Нужно обладать недюжинной силой воли, чтобы отказаться от игры в карты, а я и подавно падка на соблазны. Несколько партий в гвинт казались такими заманчиво-обыденными, особенно после всей чертовщины, творившейся с моей жизнью в последнее время.
Я зябко поежилась — холодный ветер обдувал едва высохшую кожу. Последний непринужденный разговор с незнакомцем чуть не отправил меня прямиком в преисподнюю, но этот мужчина не внушал мне страха.
— У меня нет с собой карт.
— Чем предпочитаете играть? — выговор странный, будто он родом из Туссента, но слишком уж для южанина бледен. Он достал из походной сумки несколько стопок карт, аккуратно перевязанных черной лентой.

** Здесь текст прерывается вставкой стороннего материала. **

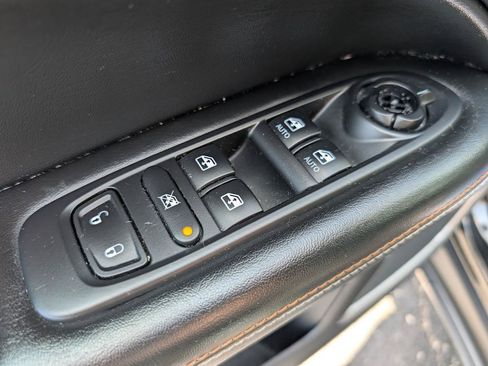 Used 2018 Jeep Compass Latitude w/ Popular Equipment Group AWD/4WD image 17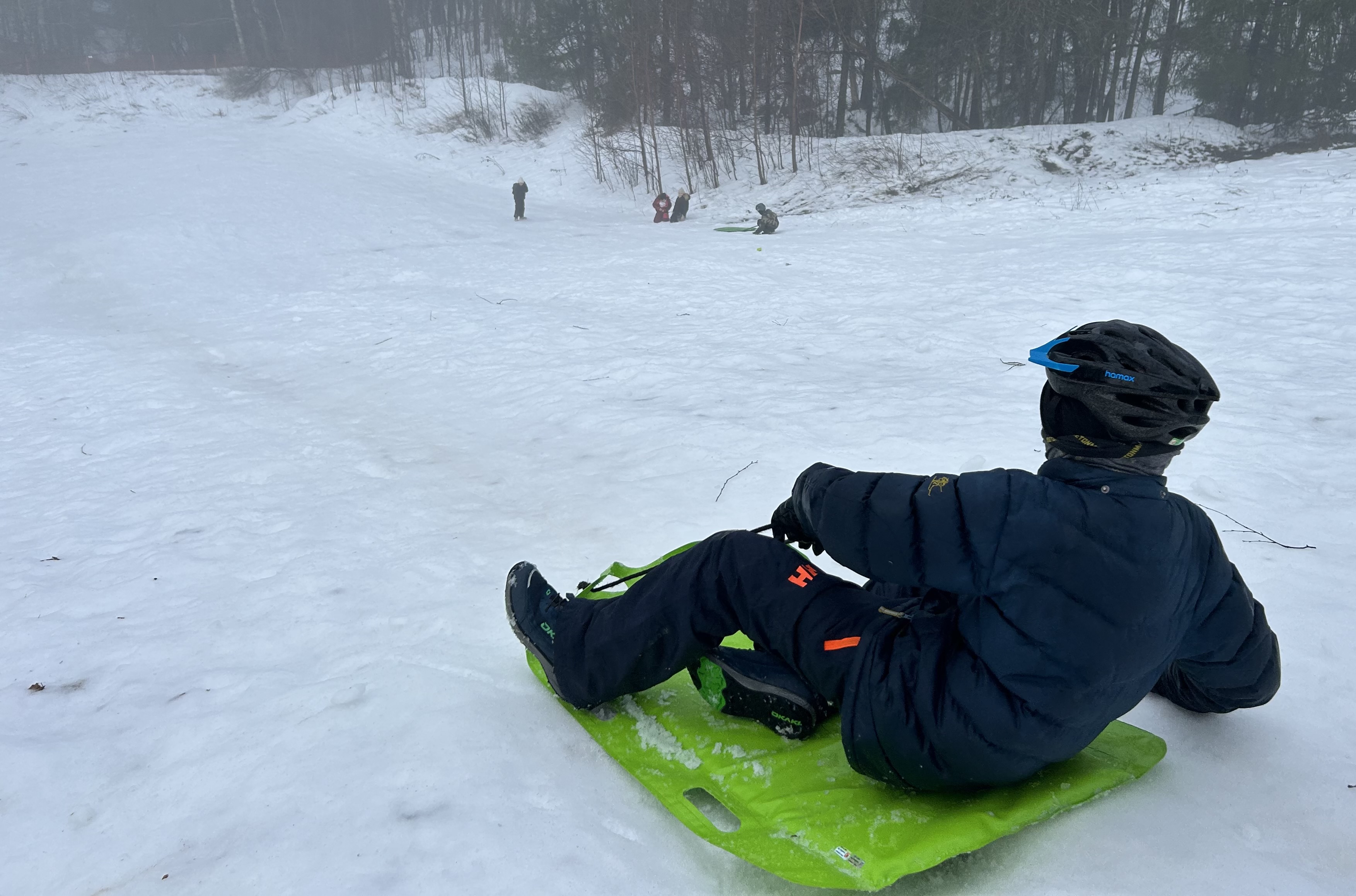 en person som ligger på et snowboard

— Нильфгаардом, — в мире еще не придумали ничего лучше шпионской тактики. — На пятьдесят крон?
— Не играю на деньги.
Незнакомец произнес это совершенно буднично. Даже если он и равнодушен к деньгам, драгоценностями точно не брезговал: к отвороту сюртука была приколота сверкающая брошь — искусно вырезанная бабочка из чистейшего золота. Прикреплена слишком небрежно, не ровен час отвалится, а погруженный в раздумья хозяин вряд ли заметит потерю. Особенно, если осушит еще один бокал вина.
Нечисть, к ведьме не ходи! А кто еще может уничтожить поллегиона легким движением руки, так удачно положив на стол две погодные карты?! А на меня не иначе как порчу навели, ни одного чистого неба!